Clinically Relevant Progestins Regulate Neurogenic and Neuroprotective Responses in Vitro and in Vivo

Abstract

Previously, we demonstrated that progesterone (P4) promoted adult rat neural progenitor cell (rNPC) proliferation with concomitant regulation of cell-cycle gene expression via the P4 receptor membrane component/ERK pathway. Here, we report the efficacy of seven clinically relevant progestins alone or in combination with 17β-estradiol (E2) on adult rNPC proliferation and hippocampal cell viability in vitro and in vivo. In vitro analyses indicated that P4, norgestimate, Nestorone, norethynodrel, norethindrone, and levonorgestrel (LNG) significantly increased in rNPC proliferation, whereas norethindrone acetate was without effect, and medroxyprogesterone acetate (MPA) inhibited rNPC proliferation. Proliferative progestins in vitro were also neuroprotective. Acute in vivo exposure to P4 and Nestorone significantly increased proliferating cell nuclear antigen and cell division cycle 2 expression and total number of hippocampal 5-bromo-2-deoxyuridine (BrdU)-positive cells, whereas LNG and MPA were without effect.

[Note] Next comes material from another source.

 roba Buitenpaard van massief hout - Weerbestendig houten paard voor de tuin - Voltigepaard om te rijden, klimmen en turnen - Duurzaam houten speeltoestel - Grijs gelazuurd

Mechanistically, neurogenic progestins required activation of MAPK to promote proliferation. P4, Nestorone, and LNG significantly increased ATP synthase subunit α (complex V, subunit α) expression, whereas MPA was without effect. In combination with E2, P4, Nestorone, LNG, and MPA significantly increased BrdU incorporation. However, BrdU incorporation induced by E2 plus LNG or MPA was paralleled by a significant increase in apoptosis. A rise in Bax/Bcl-2 ratio paralleled apoptosis induced by LNG and MPA. With the exception of P4, clinical progestins antagonized E2-induced rise in complex V, subunit α. These preclinical translational findings indicate that the neurogenic response to clinical progestins varies dramatically. Progestin impact on the regenerative capacity of the brain has clinical implications for contraceptive and hormone therapy formulations prescribed for pre- and postmenopausal women.

Clinical progestins vary dramatically in their impact on the regenerative capacity of the brain and thus are likely to have clinical implications for long-term neurological function.